Périple dans les déserts Australiens. Eté 2018. © Photo : Aboriginal Signature Estrangin gallery.

Périple dans les déserts Australiens. Eté 2018. © Photo : Aboriginal Signature Estrangin gallery.

Ce matin, après le petit déjeuner autour du feu, la journée n’a pas vraiment bien commencé.

Durant la nuit, un pneu s’est totalement dégonflé. Il est définitivement crevé et pas facilement réparable. Visiblement une pierre a déchiré la structure. Au milieu de nulle part, ce n’est pas une bonne nouvelle.

Je prends la pelle pour retirer les plantes piquantes sous le 4x4 avant de m’y glisser. Incroyable ce que nature est astucieuse pour piquer et s’agripper dans ces régions arides. Il convient de creuser afin de poser une planche en bois sous le cric. L’opération pour soulever ce 4x4 de plusieurs tonnes n’est jamais simple. Après 10 cm d’élévation, il retombe justement sur lui-même. Je recommence... Sous la planche quelques cailloux permettent de la stabiliser. Je creuse également la terre afin de faire de la place pour une des roues de rechange. Heureusement il y en a deux. Qu’elles sont lourdes... Après 1h30 d’efforts je suis enfin prêt à partir et couvert de terre et de poussière rouge.
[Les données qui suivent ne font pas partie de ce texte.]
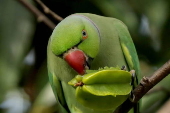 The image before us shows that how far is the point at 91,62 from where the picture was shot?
150cm

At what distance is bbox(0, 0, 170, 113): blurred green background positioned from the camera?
7.18 feet

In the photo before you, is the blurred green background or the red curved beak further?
the blurred green background

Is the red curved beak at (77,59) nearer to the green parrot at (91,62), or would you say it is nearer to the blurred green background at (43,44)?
the green parrot at (91,62)

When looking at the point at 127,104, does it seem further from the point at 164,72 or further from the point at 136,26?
the point at 136,26

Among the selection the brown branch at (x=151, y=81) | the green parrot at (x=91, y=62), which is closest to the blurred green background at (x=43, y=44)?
the green parrot at (x=91, y=62)

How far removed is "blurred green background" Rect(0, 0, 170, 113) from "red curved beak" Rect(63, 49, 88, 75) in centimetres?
81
Périple dans les déserts Australiens. Eté 2018. © Photo : Aboriginal Signature Estrangin gallery.

Périple dans les déserts Australiens. Eté 2018. © Photo : Aboriginal Signature Estrangin gallery.
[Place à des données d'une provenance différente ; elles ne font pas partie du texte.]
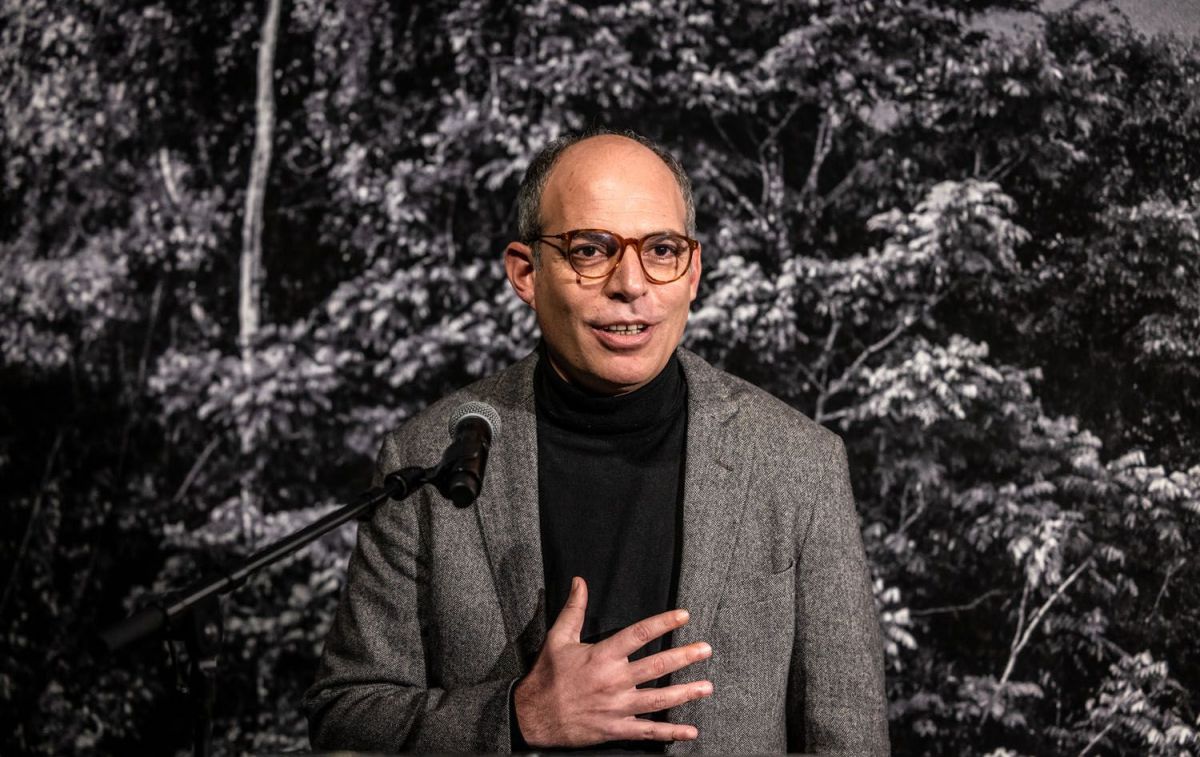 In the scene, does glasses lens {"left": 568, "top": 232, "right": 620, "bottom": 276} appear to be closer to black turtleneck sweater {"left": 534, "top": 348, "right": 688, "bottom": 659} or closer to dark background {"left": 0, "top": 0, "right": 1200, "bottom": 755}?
black turtleneck sweater {"left": 534, "top": 348, "right": 688, "bottom": 659}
Dans la communauté de Mantamaru (Jamieson) il y a une messe en plein air. J’observe de loin les femmes chanter de belles mélodies en Pitjantjara. Un homme avenant m’accompagne à la maison du responsable de l’unique magasin du lieu et de la seule pompe à essence enfermée dans une caisse en métal. On est dimanche et je lui demande s’il veut bien ouvrir pour moi afin de faire le plein. Cela me coûtera 20 dollars en plus mais sans carburant je serai bloqué ici.

Il est un peu étonné de me trouver dans ce coin et encore plus quand je lui dis que je remonte vers Newman plus à l’ouest.

La route est magnifique et serpente entre les dunes de sable et les collines de pierre pulvérisées. Venant du ventre de la terre, crachées par d’anciens volcans il y a des millions d’années, elles sont chargées en minéraux et sonnent comme du métal. C’est étrange.

Périple dans les déserts Australiens. Eté 2018. © Photo : Aboriginal Signature Estrangin gallery.

Périple dans les déserts Australiens. Eté 2018. © Photo : Aboriginal Signature Estrangin gallery.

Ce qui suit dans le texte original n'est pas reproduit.